Akademik araştırma kariyerlerinin güvencesizliği, OECD ülkelerinde ve farklı araştırma sistemlerinde yaygın bir olgudur.

Diğer birçok çalışma sektöründe olduğu gibi, Covid-19 saha ve laboratuvar çalışmalarının ve akademik işe alım süreçlerinin iptal edilmesi ya da ertelenmesine katkı sağlayarak araştırma prekaryasının durumunun daha da kötüleşmesine neden olmuştur. Birçok işletmenin araştırmaya yatırımlarını azalttığına dair kanıtlar ortaya çıkmış ve bu nedenle akademi dışındaki kariyer seçeneklerin de azaldığı görülmüştür.
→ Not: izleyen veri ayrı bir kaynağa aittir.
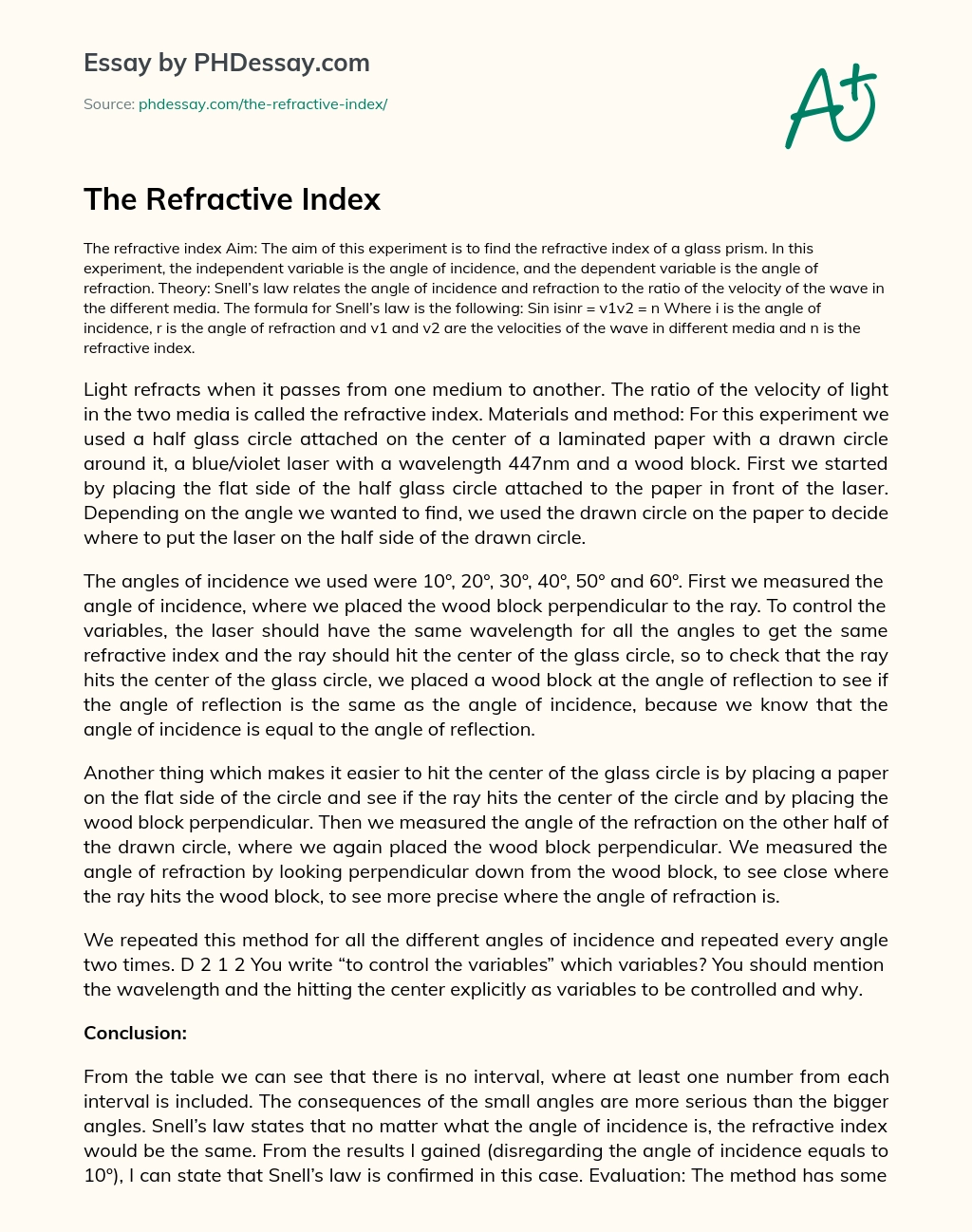 The Refractive Index essay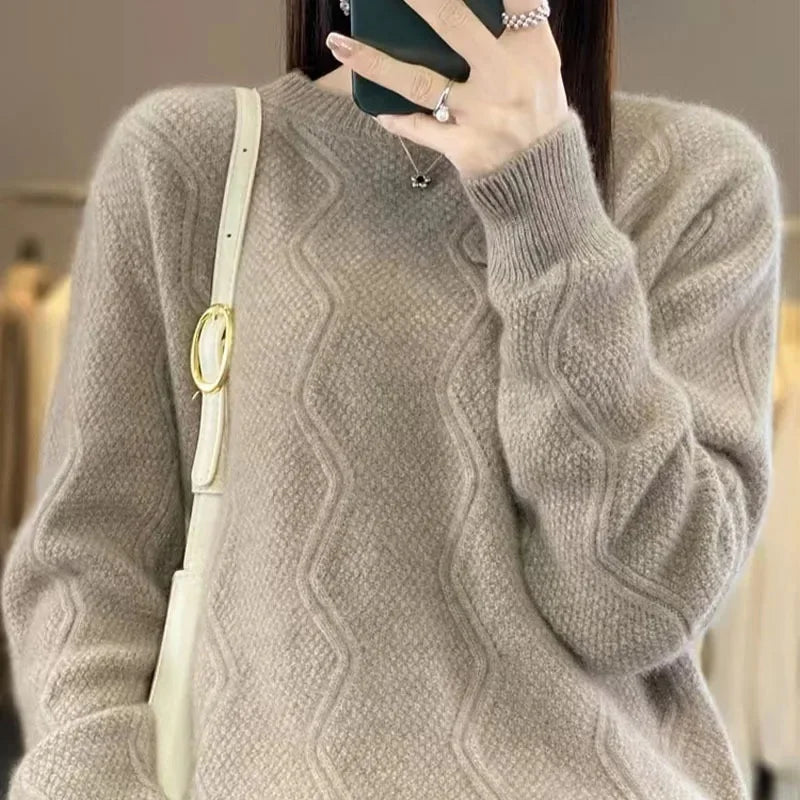 Women's Long Sleeve O Neck Loose Knitted Sweater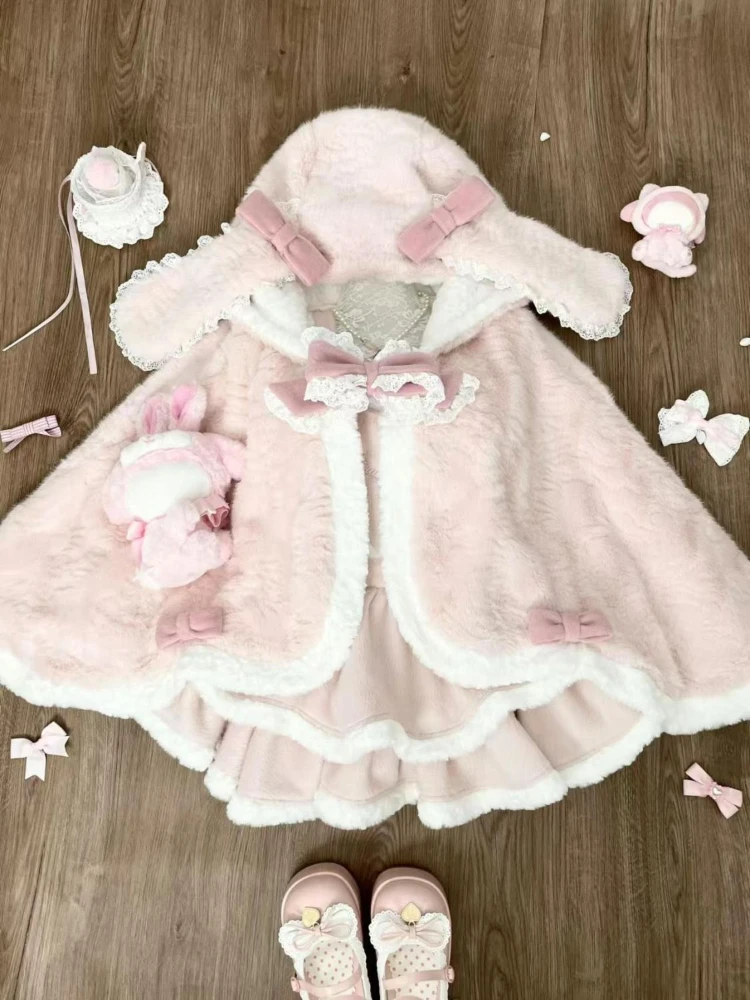 Японский Sweet Kawaill костюмы из трех предметов женская накидка с капюшоном пальто +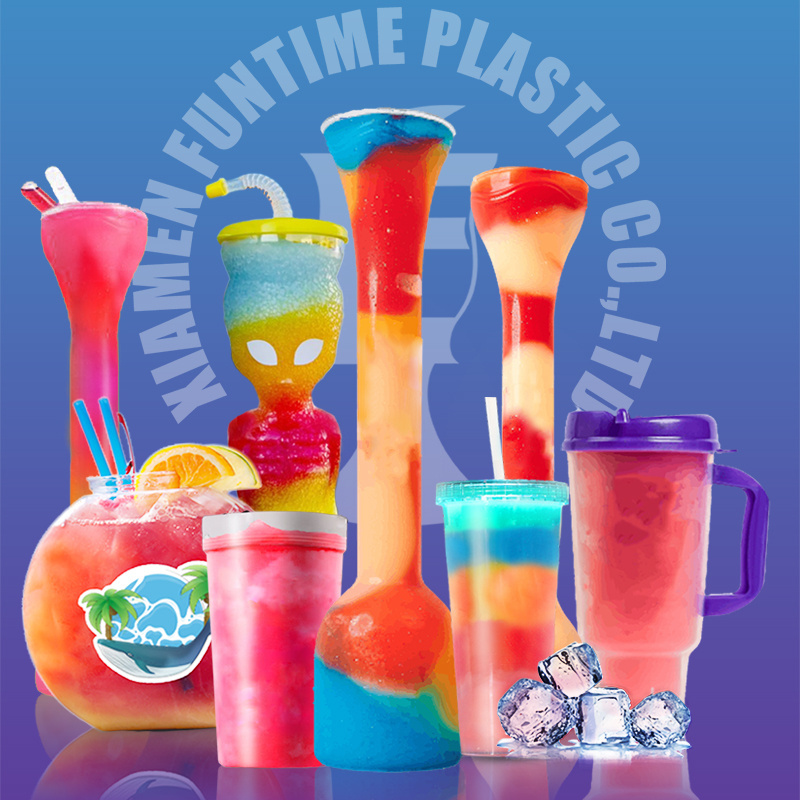 Creative Las vegas 16oz/24oz/32oz slushy cups plastic party souvenir cups slushy drink yard cups with logo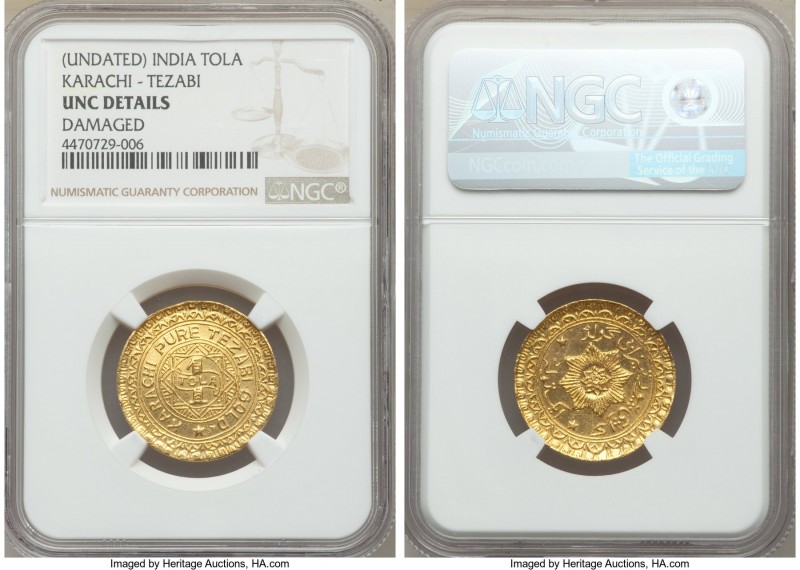 Karachi Tezabi Private Issue gold Tola ND UNC Details (Damaged) NGC, KM-X Unl.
Aslında Covid-19 sadece önceden var olan bir sorunu kötüleştirdi fakat araştırma kariyerlerinin güvencesizliği, pandemi bittiğinde zamanla ortadan kalkacak geçici bir problem değil. Bu sorun, pandemiden önce zaten birçok ülkede bir kamuoyu tartışması konusu ve büyük bir endişe haline gelmişti.

Birçok doktora sahibi, kendilerini akademide geçici ve genellikle kısa vadeli veya istenmeyen yarı zamanlı sözleşmeler üzerine kurulu uzun bir doktora sonrası çalışmanın içinde bulur. Kariyerlerinin daha başında olan araştırmacıların yaşadığı güvencesizlik, onların iyilik oluşları üzerinde zararlı etkiler yaratmaktadır. Bunun sebebi de yüksek düzeydeki rekabetin kaba ve sert çalışma koşulları oluşturması. Müsait hale gelen birkaç güvenceli akademik pozisyon için ise seçim prosedürleri genellikle açık veya şeffaf değil. Araştırmacı iş gücünün bir bütün olarak çeşitliliği hakkında endişeler ve yalnızca ayrıcalıklı geçmişe sahip olanların uzun süreli güvencesizliğe gücü yetebileceğine dair bir algı var.

Nihayetinde bilimin kalitesi, riskten kaçınmanın yeni araştırmaları engellediği ve aşırı rekabet karşısında araştırma bütünlüğü ve titizliğinin giderek azalan bir öneme sahip olduğu “yayınla ya da yok ol” kültürü tarafından tehlikeye atılmakta.

OECD’nin bu raporu, bu zorlukları ve bunların farklı ülkelerde nasıl algılandıklarını ve ele alındıklarını araştırıyor. Raporun odak noktası yukarıda da belirtildiği gibi araştırma prekaryasıdır.

Rapor aşağıdaki ifadeler için dokuz genel politika tavsiyesi sunmaktadır:

  1. Çalışma koşullarını iyileştirmek ve doktora sonrası araştırmacılar için daha şeffaf, öngörülebilir ve esnek kariyer olanakları sunmak;
  2. Doktora sonrası eğitim sırasında kapsamlı mesleki gelişim sunmak;
  3. Mevcut önyargıları ve zorlukları tanımlayıp ele alarak araştırma kariyerlerinde eşit fırsatları, çeşitliliği ve katılımı teşvik etmek;
  4. Araştırma değerlendirmesi ve fonlaması ile insan kaynakları yönetimi politikası hedefleri arasında daha iyi bağlantılar kurmak;
  5. Araştırmada insan kaynakları yönetimine ilişkin kurumsal uygulamaları geliştirmek;
  6. Araştırmacıların sektörler arası hareketliliğini teşvik etmek;
  7. Araştırmacıların uluslararası hareketliliğini desteklemek;
  8. Araştırma kariyerlerine ilişkin kanıt tabanını geliştirmek ve
  9. İlgili tüm paydaşları araştırma kariyerlerinin yönetimine ve koordinasyonuna dahil etmek ve uyumlu, sistematik eylem sağlamak.